**What you need to do**. From the records below, output exactly the lines starting at the line with "Please like, share" and ending at the line with "Neko Case at Tennessee Performing Arts Center tickets", both of them included, but no pictures.

**Provided entries**.
━━━━━━━━
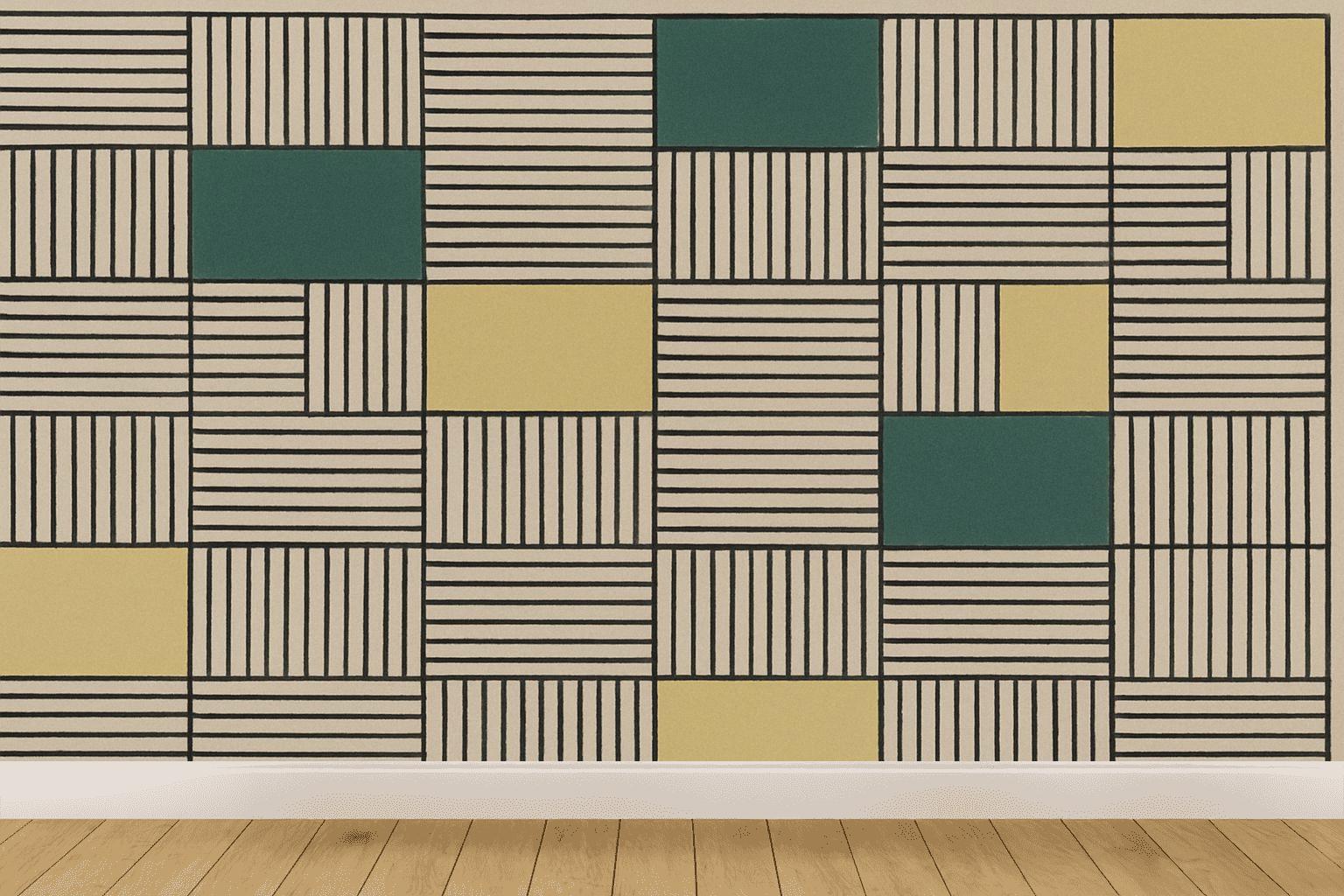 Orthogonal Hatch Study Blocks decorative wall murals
━━━━━━━━
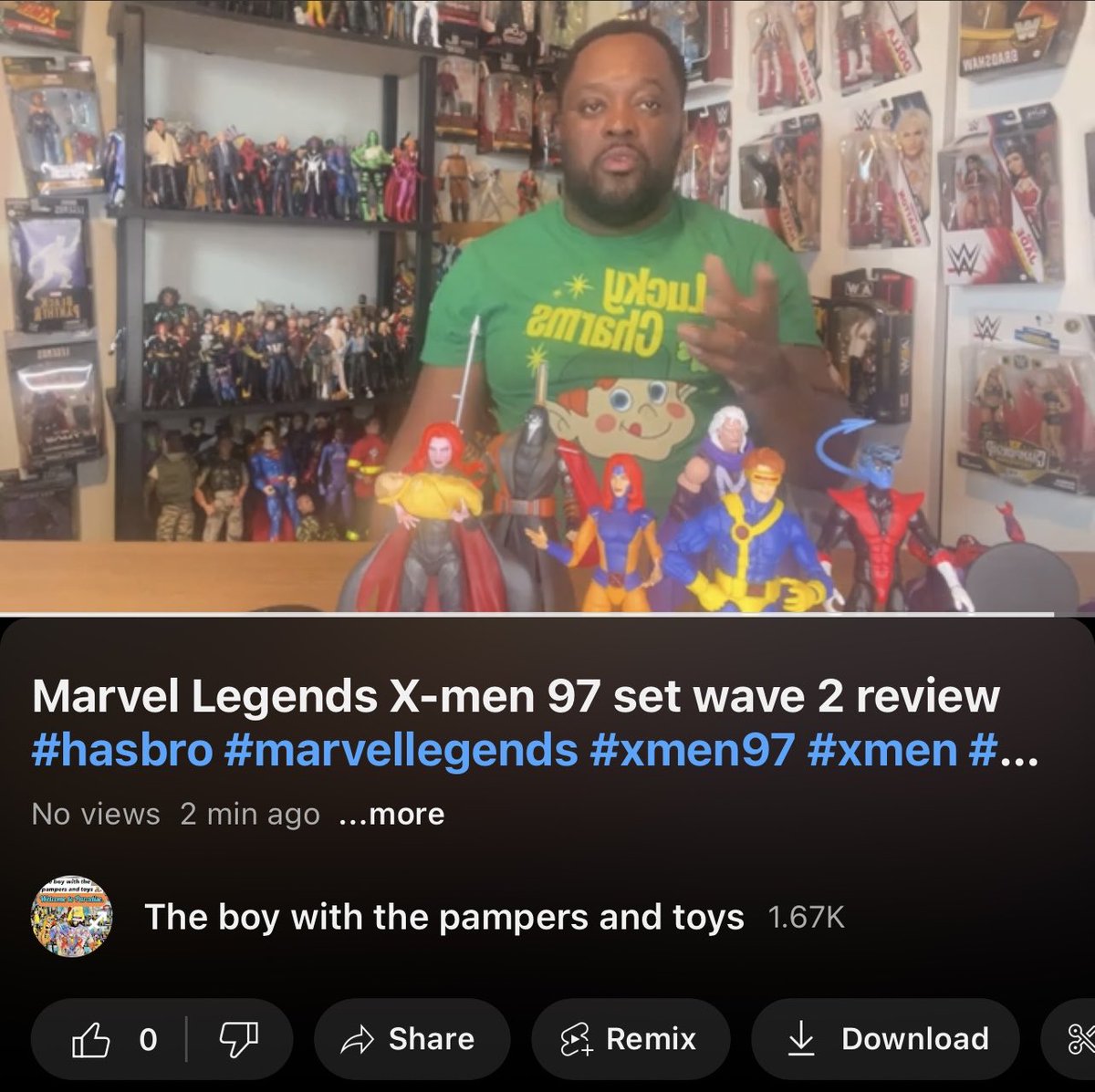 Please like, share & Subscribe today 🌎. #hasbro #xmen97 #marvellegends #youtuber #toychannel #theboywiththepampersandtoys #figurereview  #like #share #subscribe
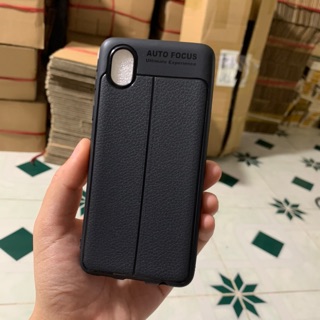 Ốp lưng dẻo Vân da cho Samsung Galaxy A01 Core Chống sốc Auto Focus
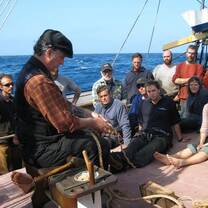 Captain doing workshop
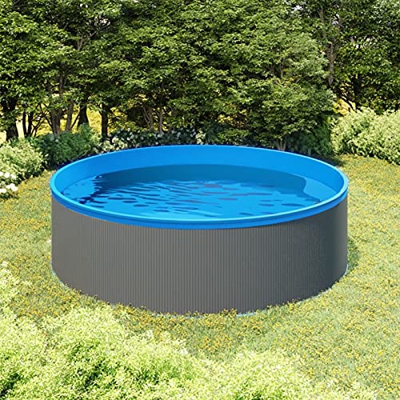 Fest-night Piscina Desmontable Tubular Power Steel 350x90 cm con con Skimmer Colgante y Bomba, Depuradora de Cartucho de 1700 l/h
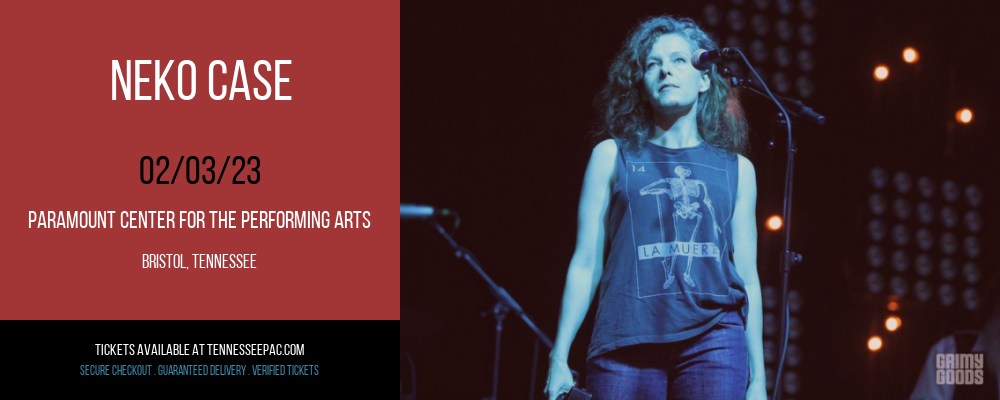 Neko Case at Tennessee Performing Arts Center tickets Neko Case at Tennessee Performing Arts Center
━━━━━━━━
**Task answer**.
 Please like, share & Subscribe today 🌎. #hasbro #xmen97 #marvellegends #youtuber #toychannel #theboywiththepampersandtoys #figurereview  #like #share #subscribe
 Ốp lưng dẻo Vân da cho Samsung Galaxy A01 Core Chống sốc Auto Focus
 Captain doing workshop
 Fest-night Piscina Desmontable Tubular Power Steel 350x90 cm con con Skimmer Colgante y Bomba, Depuradora de Cartucho de 1700 l/h
 Neko Case at Tennessee Performing Arts Center tickets Neko Case at Tennessee Performing Arts Center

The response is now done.